Collected data entries
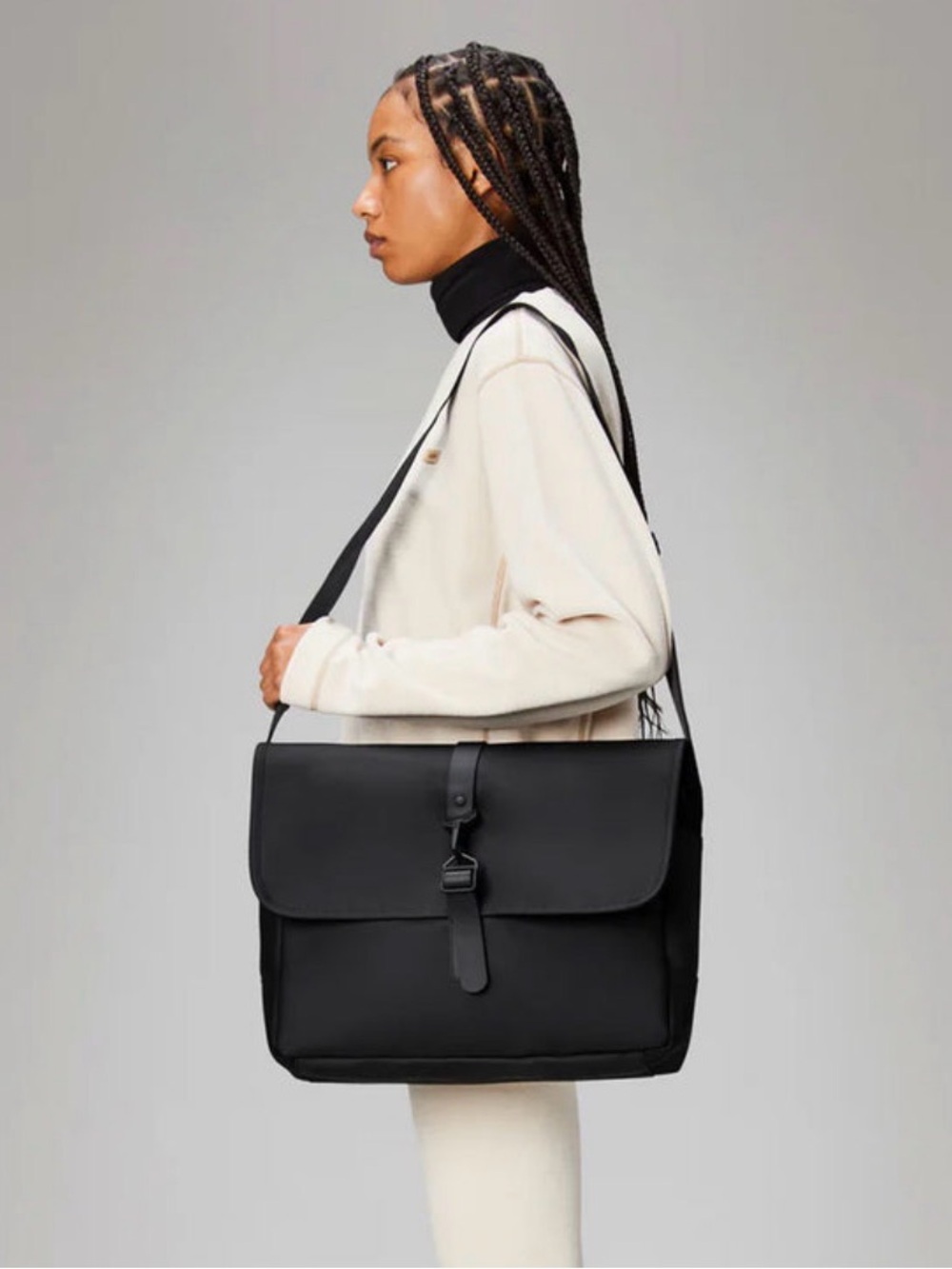 RAINS Messenger Bag W3 Black Waterproof Laptop Commuter Bag NWT - Picture 5 of 16
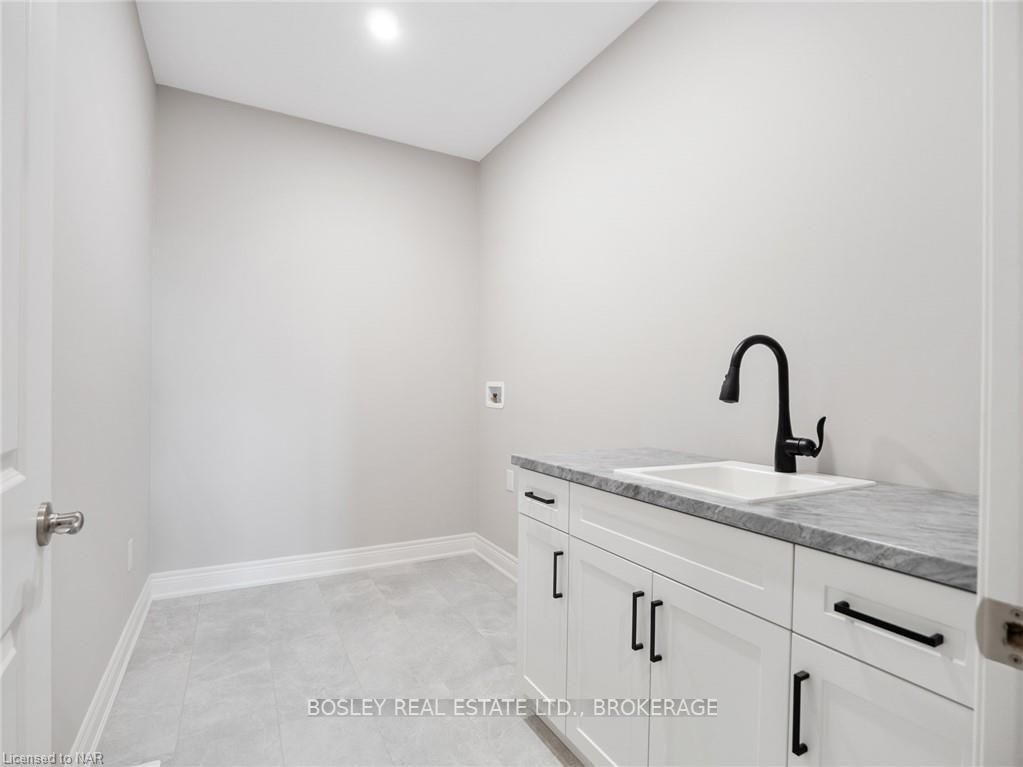 503 Royal Ridge Drive Property Photo 30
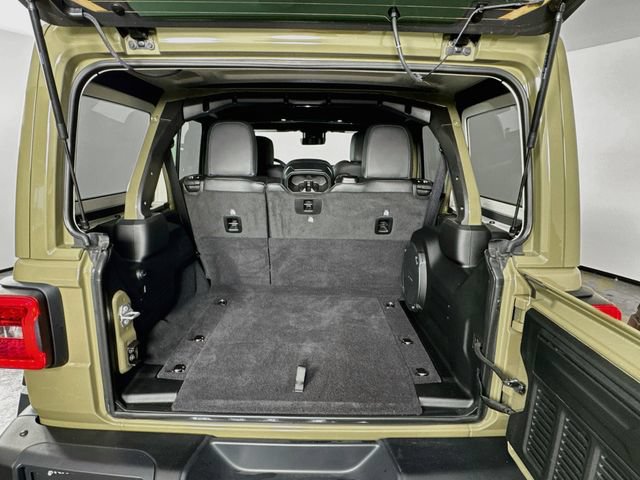 Used 2025 Jeep Wrangler Unlimited Rubicon AWD/4WD image 31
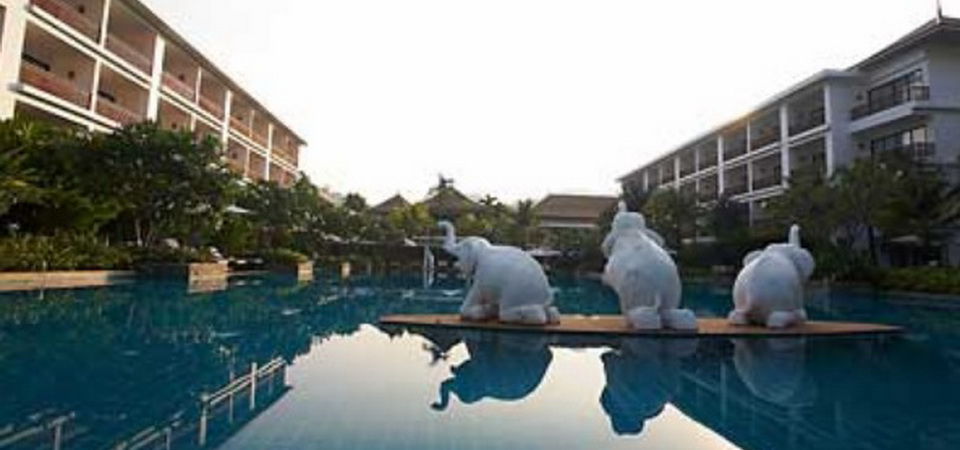 Naithonburi - Sha Extra Resort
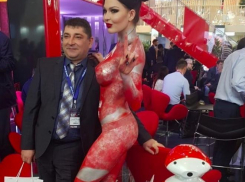 Волгоградский завод «Красный Октябрь» привел на столичную промышленную выставку голую девушку, - «Блокнот Волгограда»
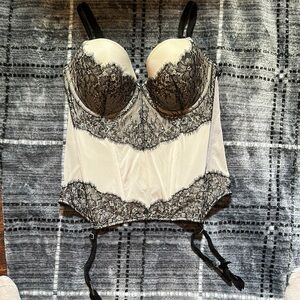 Victoria's Secret Black and Cream Lace Bra with Underwire Support
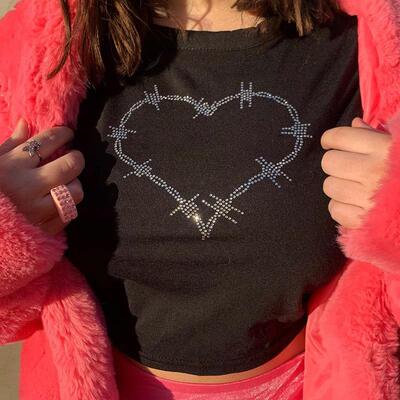 Embroidered bead pattern exposed navel outfit with women's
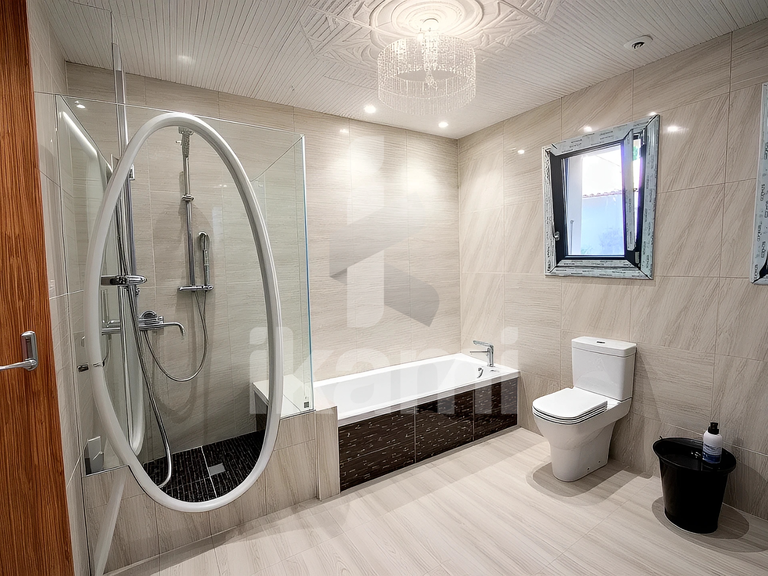 Maison Saint-Mandrier-sur-Mer - 5 chambres - 181m²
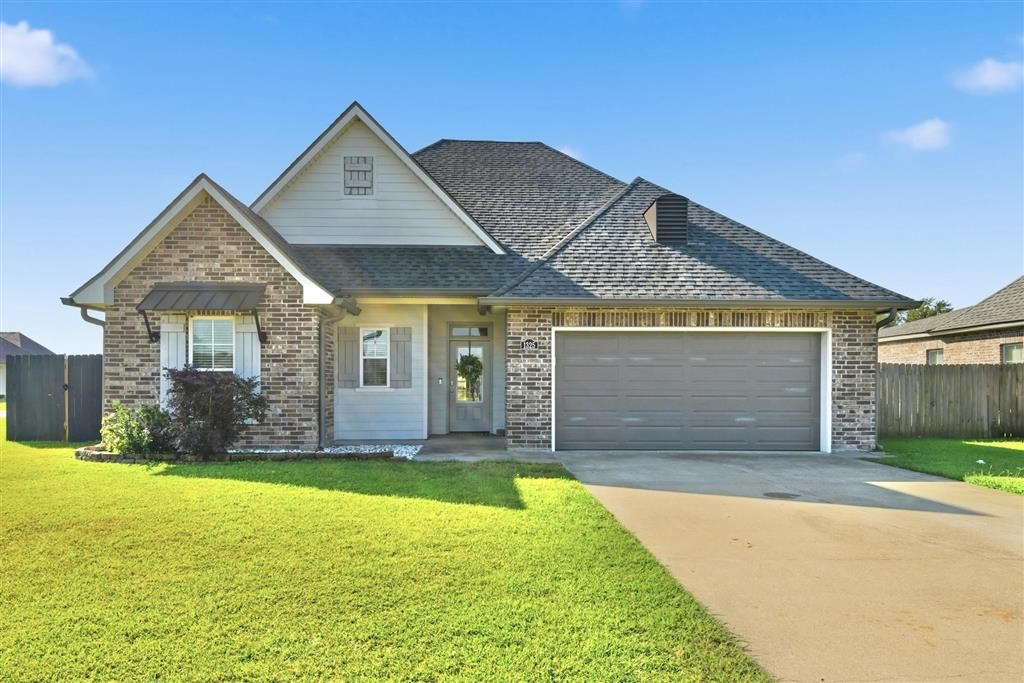 1325 S Robinwood Drive, Lake Charles, LA 70611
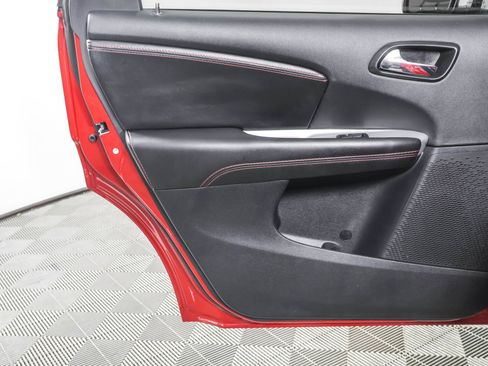 Used 2019 Dodge Journey GT w/ Blacktop Package image 38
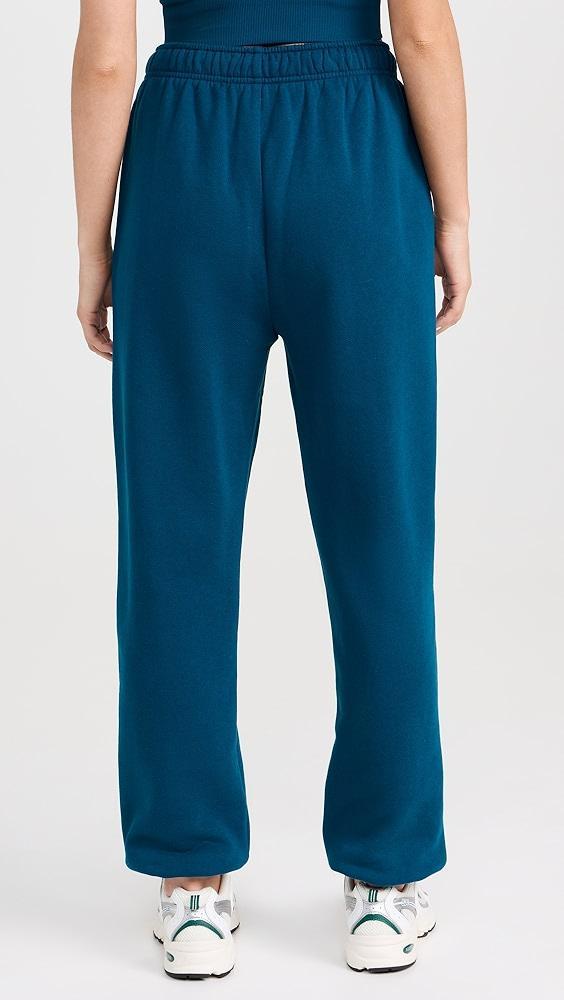 Alo Yoga Accolade Sweatpants | Shopbop Product Image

- Problem description:
Exclude all pictures and reproduce verbatim the lines running from the line that contains "1325 S Robinwood" to the end of the data above, both ends included.

- Your solution:
 1325 S Robinwood Drive, Lake Charles, LA 70611
 Used 2019 Dodge Journey GT w/ Blacktop Package image 38
 Alo Yoga Accolade Sweatpants | Shopbop Product Image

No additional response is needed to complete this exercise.